Виктор Шкловский, исходящий из конструктивного характера образа, пишет про Чаплина-«меланхолика, маленького, мешковато одетого человека с расслабленной походкой» [5].

Жиль Делёз, говорящий об «индексальной, знаковой природе» его бурлеска, упоминает про «гуманизм […], демонстрирующий, что какого-нибудь «пустячка» достаточно для того, чтобы обратить машину против человека, сделать из нее орудие пленения, обездвиживания, фрустрации и даже пыток […] [6].

Примеров гораздо больше, однако остановимся на наиболее характерных, принадлежащих трем разным авторам (и эпохам), выражающих три разных взгляда на природу кинематографа (онтологическую, формалистскую и постструктуралистскую). Их единодушие заставляет вернуться к проблеме комического у Чаплина, к связи отвлеченного и нежизнеподобного жанра бурлеска и реальных чувств персонажа, и – быть может, самое главное – к симптому интерпретатора, который вынужден произнести слово «гуманный» в отношении героя, который не знает ни комедии, ни трагедии, ни страдания, ни меланхолии, потому что все эти чувства в комедии Чаплина являются исключительно подражанием и(ли) мимесисом.
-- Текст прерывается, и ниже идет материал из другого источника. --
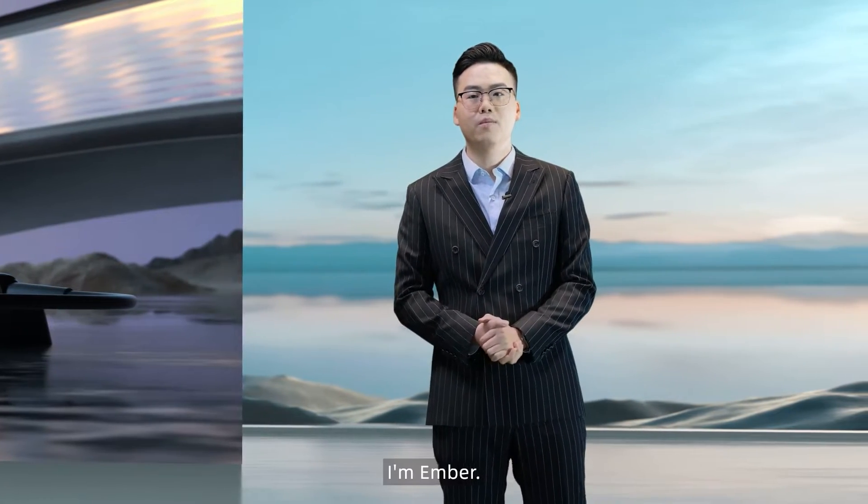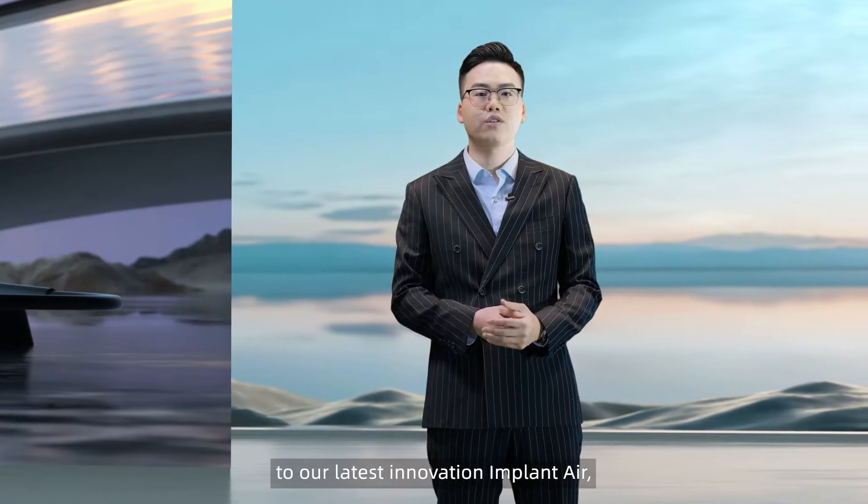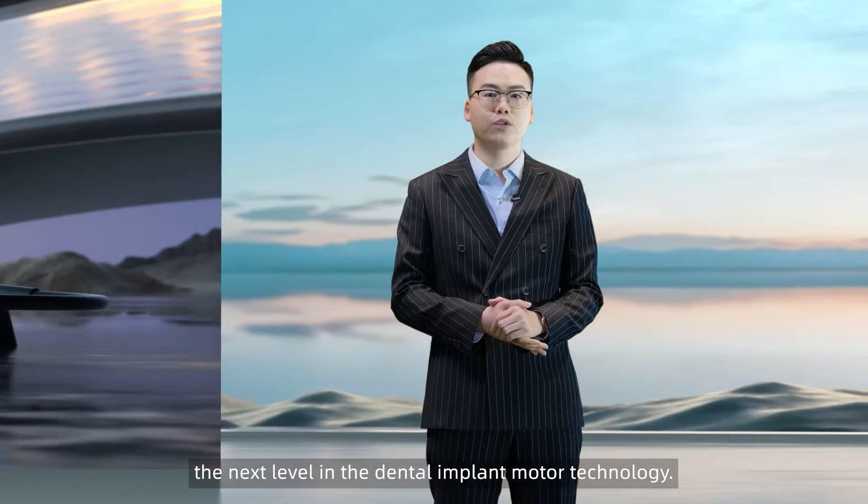Hello everyone, I'm Amber. I'm excited to introduce you to our latest innovation, ImplantAir, the next level in dental implant motor technology.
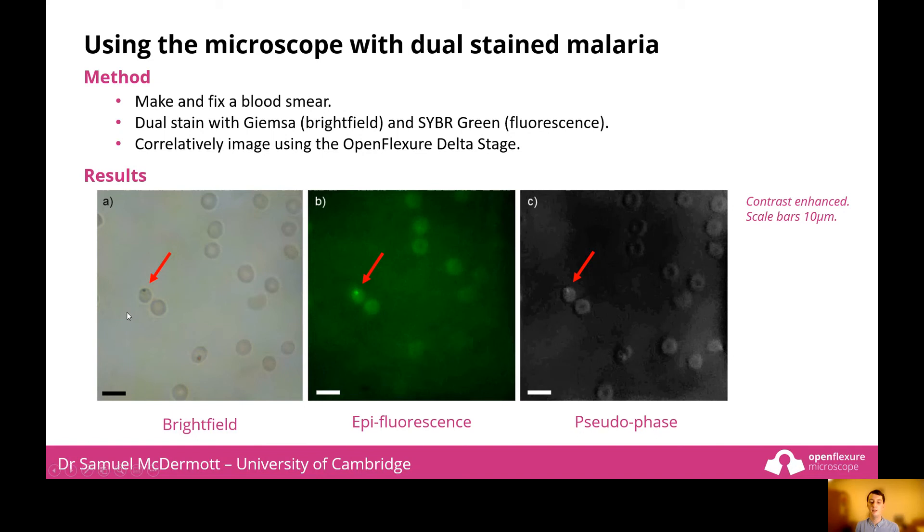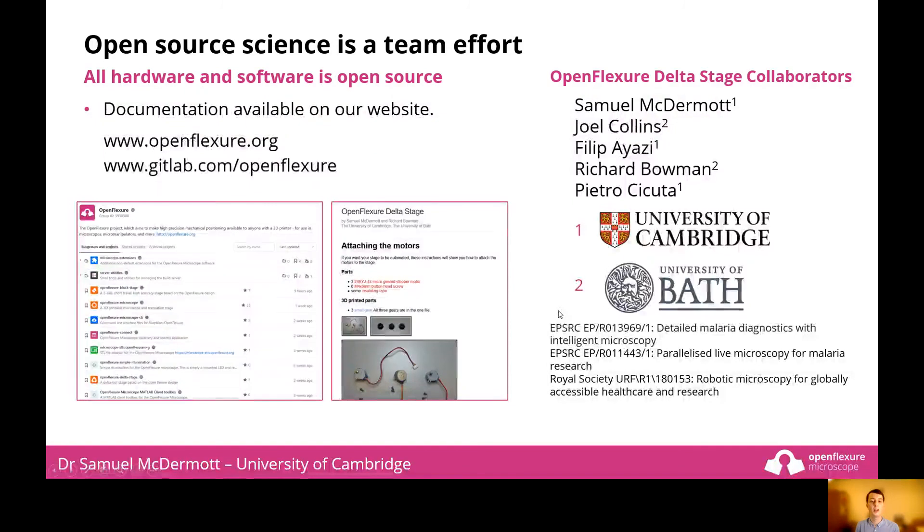B shows the same field of view but this time using epifluorescence. The SYBR Green highlights the location of the parasite a lot more clearly than the bright field image. Finally, in C, we can see the same field of view as a pseudophase image. I would encourage you to visit our website and GitLab where everything is available to look at and download. I'd like to thank my colleagues who have helped with the OpenFlexure delta stage and our funders. Thank you for listening.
Фернан Леже «Шарло-кубист»

Костюм

Одна из самых точных интерпретаций Чарли была дана Фернаном Леже. В «Механическом балете» (1924) бродяга предстал в виде кубистского натюрморта, в нем увидели искусство абстрактное, оперирующее не чувствами, но знаками чувств, не жизнью, но ее идеальным подобием. Имитацией.

Не случайно и само рождение Чарли связано с появления костюма. Как пишет сам Чаплин [7]: в гримерке максеннетовского «Кистоуна» он нашел огромные не по размеру штаны и узкий жилет. Асимметрия верха и низа пробалтывалась не столько о заемном происхождении облика, но, скорее, о любого рода происхождении как заемном по преимуществу. Таким образом, с самых первых шагов, с того самого мига, когда перед зрителями появился бродяжка, он представлял собой парадокс, засвидетельствованный одеждой. Сам костюм с его намеренной лапидарностью, с демонстрацией шва был атакой на оптическую привычку аудитории. И хотя ни сами ботинки, штаны или трость не были неожиданностью в комическом гардеробе эпохи (история чаплиновских заимствований сама по себе составляет внушительный корпус искусствоведческих текстов [8]), только у Чаплина они стали немедленно распознаваемым индексом. Гений Чаплина был в том, чтобы в этом индексе уютно устроиться, чтобы так искусно его «обжить», что даже самый проницательный зритель в какой-то момент начинал говорить о нем, как о сентиментальном бродяжке, что сам намек на лингвистическую природу Чарли терялся из виду.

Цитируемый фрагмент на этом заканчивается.